Well Control Flashcards
List 5 warning signs of kicks while drilling.
Flow rate increase, well flows with pump off, pit gain, drilling break, lost circulation, drilling into a fracture, increase in torque and drag, increase connection or background gas.
While drilling a horizontal well with water base mud, a kick is taken and the well is shut in immediately without a flow check. How much of a difference would you see between SIDPP and SICP?
There should be little or no difference between SIDPP and SICP if the kick is still in the horizontal section. Gas does not migrate horizontally.
What does shut in drill pipe pressure tell you?
It is the difference between formation pressure and hydrostatic pressure in the drill pipe.
Have you been in a well control situation before? If so, describe your role and what happened.
yes. Do not rig out wire line when stuck in the hole without being shut in. Even if you think you have cemented off all the gas zones.
On a connection you notice that the off bottom circulating pressure has dropped by 1000 kPa. What would you do?
Investigate for lost circulation, gas-cut mud in annulus, dump valve stuck open, washout in string pump losing suction, leak on surface, pump washout, motor drive line twist off.
How and when is nitrogen used to unstuck pipe? How would you plan it?
when you are diff stuck.
By Directive 36, function testing Class II-VI BOP’s and HCR for an inspector requires the accumulator pumps be shut down for the test. What is the minimum accumulator pressure during the test and what is the minimun time to recharge the accumulator back to operating pressure when the pump is turned back on? What practices have you done to monitor accumulator performance?
8400 kPa and 5 minutes
With surface casing run, what should the minimum pressure test values be for high and low pressure tests on the annular, rams and choke manifold for a 21,000 kPa Class IV stack (Alberta) and manifold and what constitutes a valid pressure test?
1400 kPa low, 7000 kPa high on the annular, rams and manifold. A 10% bleed off is permitted. A valid pressure test consists of a 0 kPa pressure drop
What are the pressure testing requirements for different class BOP’s and casing strings?
Class 1 BOP’s do not require to be pressure tested - only functioned Other classes required all associated components to be tested with a 10 minute low and high test Every casing string requires a low and high pressure test immediately after cementing
Understanding the appropriate BOP’s in different thermal areas - Class 1, 2, 3 or 4?

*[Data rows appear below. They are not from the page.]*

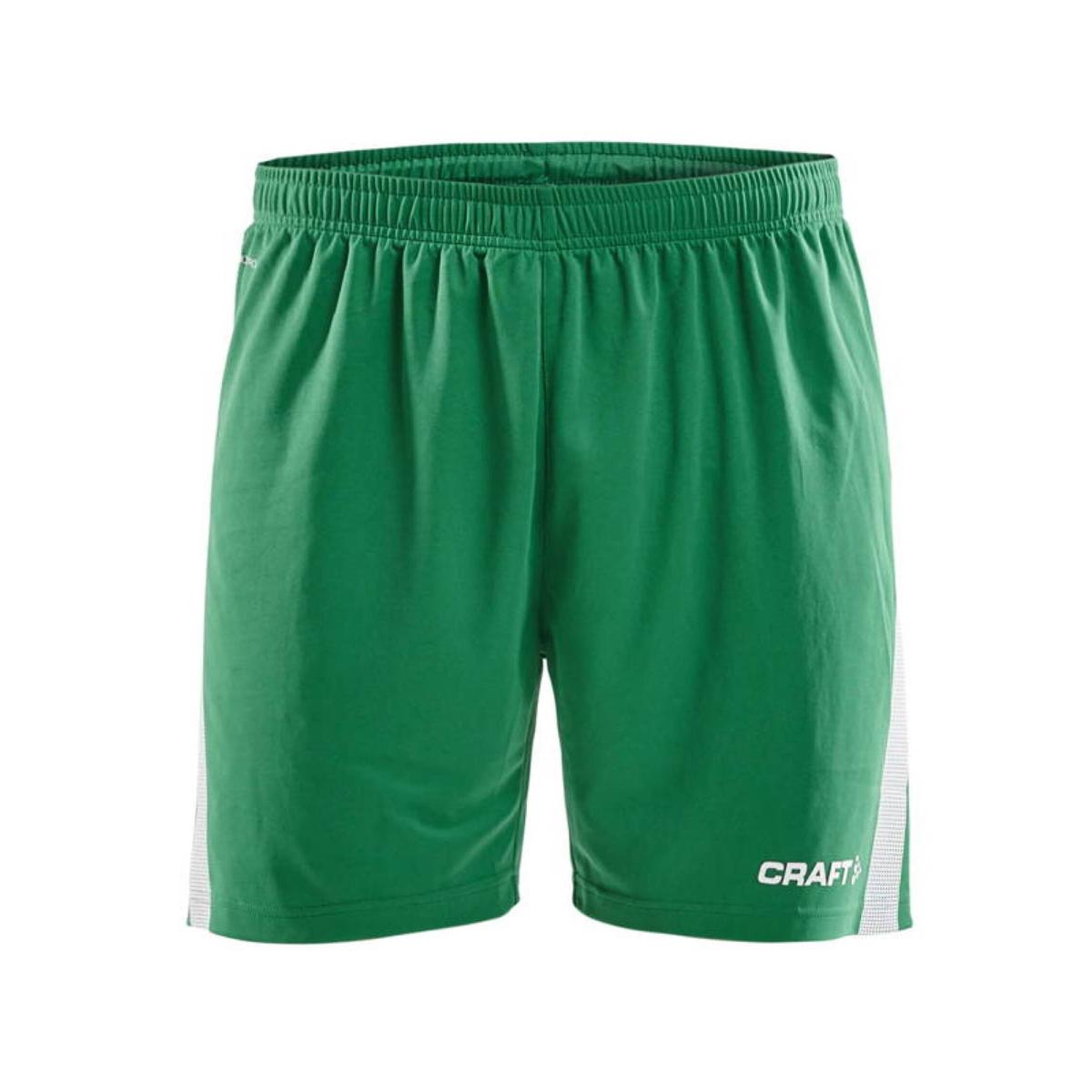 product/c/1/c1906704-651900_0.jpg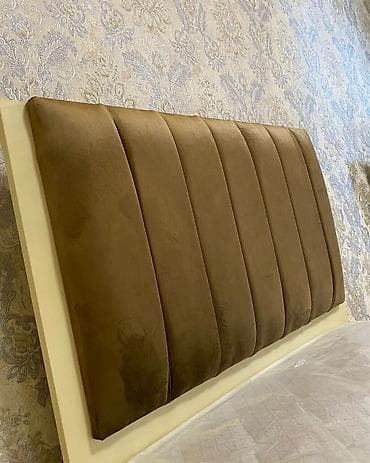 Yeni, Təknəfərlik çarpayı, Bazalı, Matras ilə, Siyirməsiz, Rusiya — 2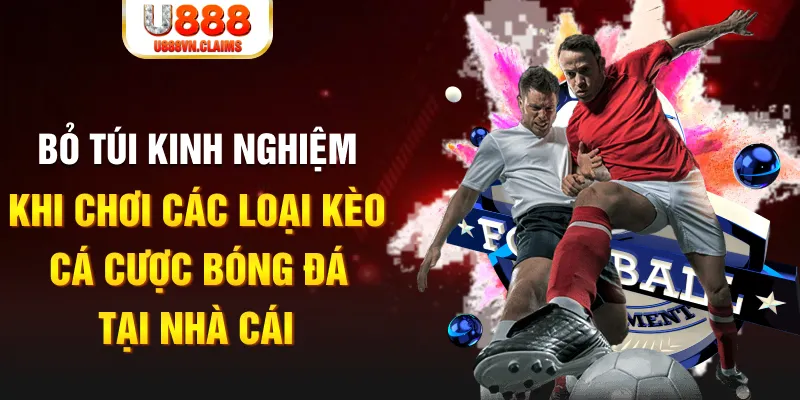 tylekeo88 trực tiếp xổ số miền nam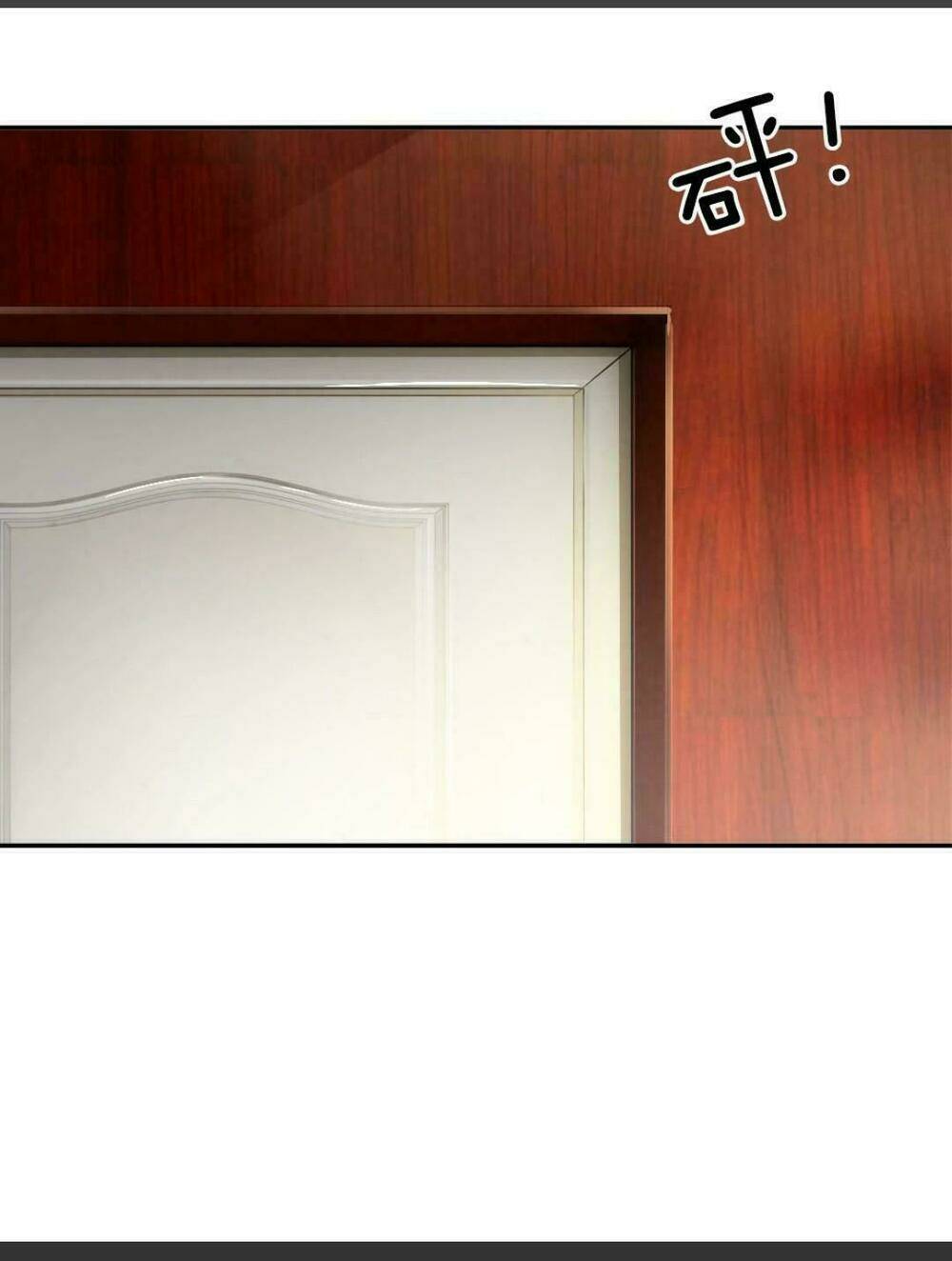 Hôn Ước Có Hạn - Lục Tổng Giá Trên Trời Bảo Chương 1 Ảnh 30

Class 1 can be used for surface hole when hydrocarbon zones may be encountered or high watertables (artesian aquifers).
Class 1 used in low risk areas (Oil Sands Approved areas) - Directive 8, Checklist 3 posted.
Different minimum pressure ratings.
Depth ratings.
BOP Components
What is a well barrier? Give examples
Well barriers can be fluid hydrostatic pressure or a mechanical. Purpose of a well barrier is prevent formation fluid from flowing unintentionally to surface or into another formation. Barriers must be independent and tested for verification.
Primary Barrier: drilling fluid Secondary Barriers: BOPs, wellhead, casing, cement, etc.
How would you validate a barrier? Give Examples
Drilling Fluid: confirm fluid density provides adequate hystrostatic pressure to contain formation pressures
Mechanical Barrier: pressure test in the direction of flow (if possible), to maximum expected differential pressure or to regulatory requirement, whichever is higher.
What was the barrier policy of your previous employer? Or what is the the barrier policy at Husky?
Husky’s barrier policy is to have at least two independent and tested barriers available in order to control the potential flow path during well operations.
What are important considerations for well barriers?
Most operations will require 2 barriers in place at all times where potential exists for uncontrolled flow, exceptions to this normally require a risk assessment by the operator (and MOC). Barrier must withstand max pressure differential it is exposed to. Barrier location must be known and must have a positive or negative pressure test to provide verification (if practical test should be in the direction of flow) Barriers must be independent so no single barrier failure will allow flowA failed barrier must be accessible to repair without impacting the 2nd active barrier
Explain some well conditions when drilling fluid would need to be validated as a well barrier?
‘Example: 1) Drilling into over-pressure formation usually requires increasing the mud density to control fluid/gas influx. Before drilling ahead, often a short wiper trip and circulating bottoms-up is conducted to confirm drilling fluid has adequate hydrostatic pressure (trip margin) to drill ahead or trip out of hole.
‘Example 2) During MPD operations the well is circulated to kill fluid at the heel, then monitored to ensure mud density is adequate to limit ballooning and still control the well before tripping out of hole.